Bordo – Bordeaux (also, red wines praised by Pushkin in Eugene Onegin) in Russian spelling; at the dinner in “Ardis the Second” Demon praises Lord Byron’s Hock: 'Ah!' said Demon, tasting Lord Byron's Hock. 'This redeems Our Lady's Tears.' (1.38)

komar – mosquito; cf. Night, of course, always remained an ordeal, throughout the near-century of his life, no matter how drowsy or drugged the poor man might be - for genius is not all gingerbread even for Billionaire Bill with his pointed beardlet and stylized bald dome, or crusty Proust who liked to decapitate rats when he did not feel like sleeping, or this brilliant or obscure V.V. (depending on the eyesight of readers, also poor people despite our jibes and their jobs); but at Ardis, the intense life of the star-haunted sky troubled the boy's night so much that, on the whole, he felt grateful when foul weather or the fouler gnat - the Kamargsky Komar of our muzhiks and the Moustique moscovite of their no less alliterative retaliators - drove him back to his bumpy bed. (1.12)

korma – stern, poop (of a ship)

 

There is Bess in the name of Demon’s friend Bessborodko.

 

According to Bess (which is 'fiend' in Russian), Dan's buxom but otherwise disgusting nurse, whom he preferred to all others and had taken to Ardis because she managed to extract orally a few last drops of 'play-zero' (as the old whore called it) out of his poor body, he had been complaining for some time, even before Ada's sudden departure, that a devil combining the characteristics of a frog and a rodent desired to straddle him and ride him to the torture house of eternity. (2.10)

 

In Dostoevsky's novel Igrok (The Gambler, 1867) zero it the favorite roulette number of la baboulinka (Russo-Fr., 'grandma'). On the other hand, in Ilf and Petrov’s “The Twelve Chairs” (chapter XXV "Conversation with a Naked Engineer") Bender and Vorob'yaninov are compared to gamblers who are "playing a kind of roulette in which zero could come up eleven out of twelve times. And, what was more, the twelfth number was out of sight, heaven knows where, and possibly contained a marvelous win."

 

Demon is the society nickname of Van’s and Ada’s father. In Blok’s poem Vozmezdie (“Retribution,” 1910-21) the hero’s father was nicknamed Demon, because Dostoevski said that he resembled Byron:

 

Раз (он гостиной проходил)

Его заметил Достоевский.

«Кто сей красавец? — он спросил

Негромко, наклонившись к Вревской: -

Похож на Байрона». — Словцо

Крылатое все подхватили,

И все на новое лицо

Своё вниманье обратили.

 

И дамы были в восхищеньи:

«Он — Байрон, значит — демон...» — Что ж?

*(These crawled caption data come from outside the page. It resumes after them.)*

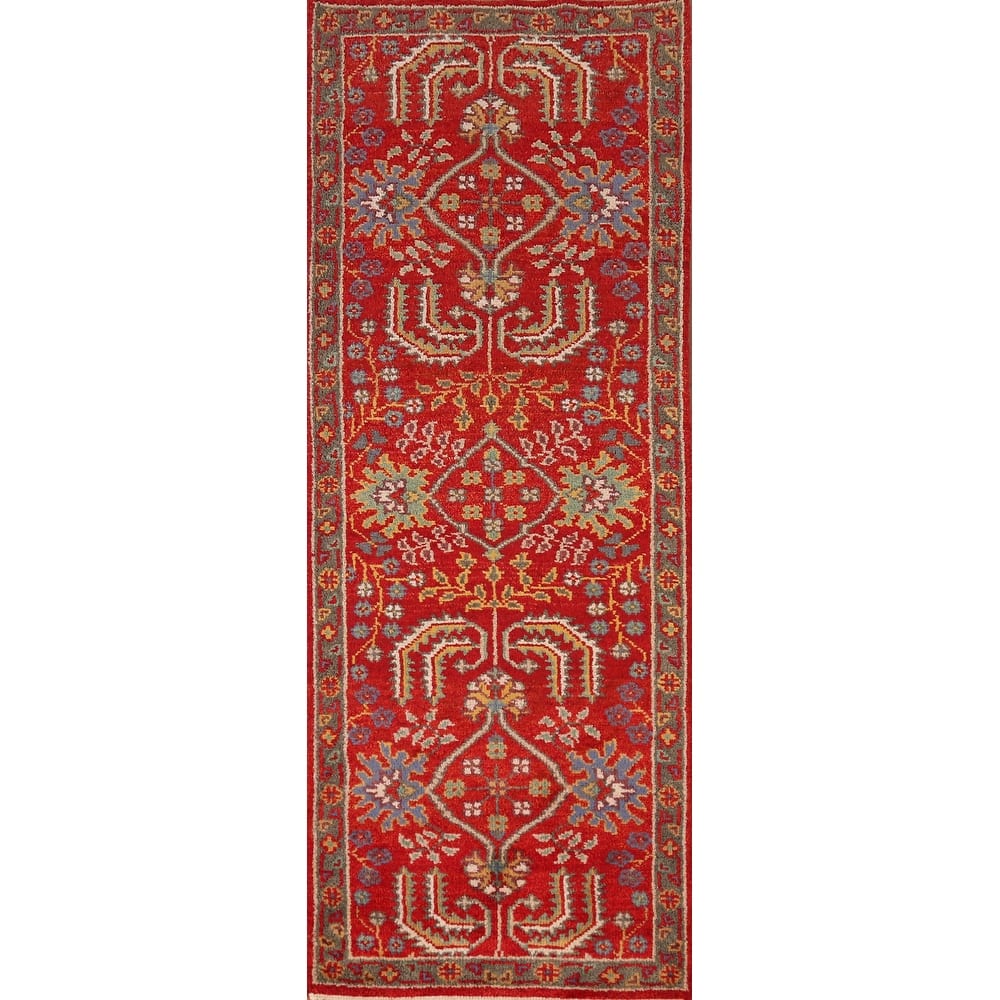 Red Heriz Serapi Indian Runner Rug Handmade Wool Carpet - 2'6" x 7'11"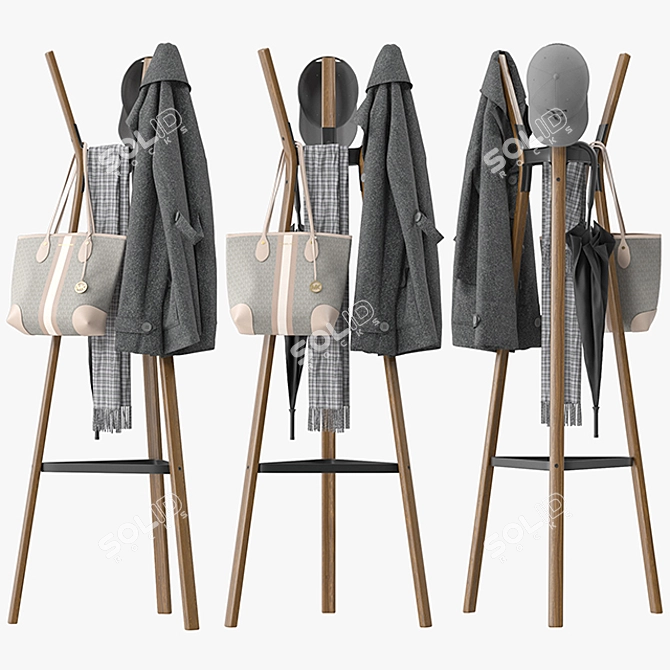 Elegant Steelwood Coat Stand 3D model image 1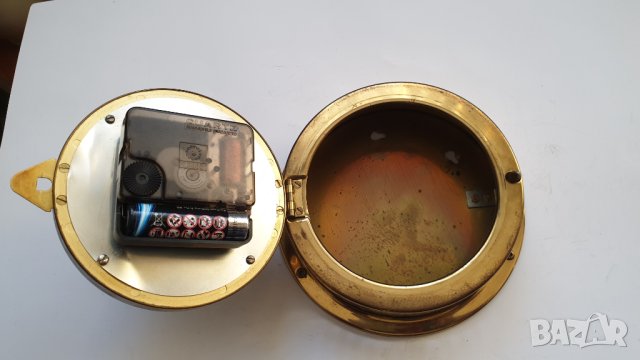 Стар месингов кварцов корабен часовник, снимка 6 - Антикварни и старинни предмети - 43077979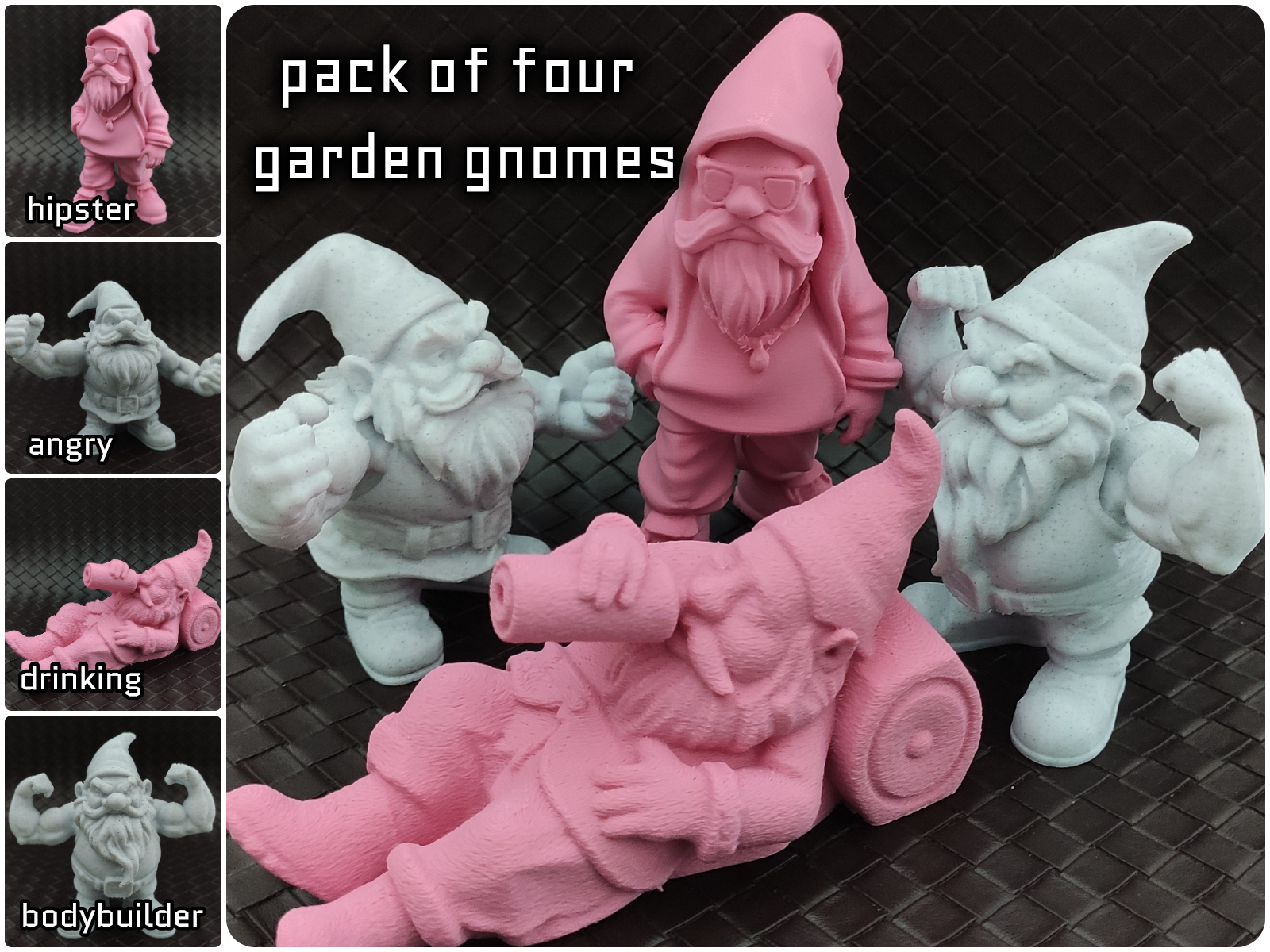 Planters & Garden: Pack of Four Garden Gnomes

Он впрямь был с гордым лордом схож

Лица надменным выраженьем

И чем-то, что хочу назвать

Тяжелым пламенем печали. (chapter I)

 

And the ladies were delighted:

“He is Byron, ergo he is a demon…”

 

The name of Byron’s daughter was Ada. Ada is also a character in Byron’s play Cain (1821).

 

A character in Blok’s poem, Dostoevski visited the house of Anna Vrevski in order to gather material and strength for his Dnevnik pisatelya (“A Writer’s Diary”):

 

На вечерах у Анны Вревской

Был общества отборный цвет.

Больной и грустный Достоевский

Ходил сюда на склоне лет

Суровой жизни скрасить бремя,

Набраться сведений и сил

Для «Дневника». (ibid.)

 

Dostoevski’s story Son smeshnogo cheloveka (“The Dream of a Ridiculous Man”) was first published in A Writer's Diary (April, 1877). Its hero commits suicide in his dream and travels to Earth’s twin planet. In several articles (including "Ada as a Triple Dream," The Nabokovian #53) I suggested that this planet visited by a Ridiculous Man in his dream is Antiterra (aka Demonia). The Antiterran L disaster in the beau milieu of the 19th century (1.3) seems to correspond to the mock execution of Dostoevski and the Petrashevskians on Jan. 3, 1850 (NS). January 3, 1876, is Lucette’s birthday (1.1). After the L disaster electricity was banned on Antiterra. As pointed out by Shestov (whose penname comes from shest’, “six”), in the second volume of his book “Tolstoy and Dostoevski” Merezhkovski many times quotes Zinaida Hippius’ poem Elektrichestvo (“Electricity”). In his poem Dvenadtsat’(“The Twelve,” 1918) Blok describes a smart cab and mentions elekstricheskiy fonarik na oglobel’kakh (“electric lantern on the shafts”):

 

Снег крутит, лихач кричит,

Ванька с Катькою летит —

Елекстрический фонарик

                На оглобельках...

                Ах, ах, пади!

 

The last words in “The Twelve” are Isus Khristos (Jesus Christ):

 

Впереди — с кровавым флагом,

                И за вьюгой неведим,

                И от пули невредим,

Нежной поступью надвьюжной,

Снежной россыпью жемчужной,

                В белом венчике из роз —

                ВпередиИсус Христос.

 

In Khomyakov’s poem Shiroka, neobozrima… (“Broad, boundless…” 1858) the crowd in Jerusalem calls Jesus Christ Davidov syn (David’s son):

 

"Ты идёшь во имя бога,

 Ты идёшь в свой царский дом.

Честь тебе, наш царь смиренный,

 Честь тебе, Давыдов сын!"

 

In Stikhi o russkoy poezii (“Verses about Russian Poetry,” 1932) Mandelshtam parodies the opening lines of Khomyakov’s poem and, in the poem’s closing line, mentions Khomyakova boroda (Khomyakov’s beard):

 

А ещё богохранима

На гвоздях торчит всегда

У ворот Ерусалима

Хомякова борода.

 

The name of Demon’s friend Bessbordko hints at Bezborodko, the State Chancellor (and a character in Aldanov’s novel Devil’s Bridge) whose name means “beardless.”

 

Davidov syn brings to mind Baron Klim Avidov (anagram of Vladimir Nabokov), Marina’s former lover who gave her children a set of Flavita (Russian Scrabble):

 

It was, incidentally, the same kindly but touchy Avidov (mentioned in many racy memoirs of the time) who once catapulted with an uppercut an unfortunate English tourist into the porter's lodge for his jokingly remarking how clever it was to drop the first letter of one's name in order to use it as a particule, at the Gritz, in Venezia Rossa. (1.36)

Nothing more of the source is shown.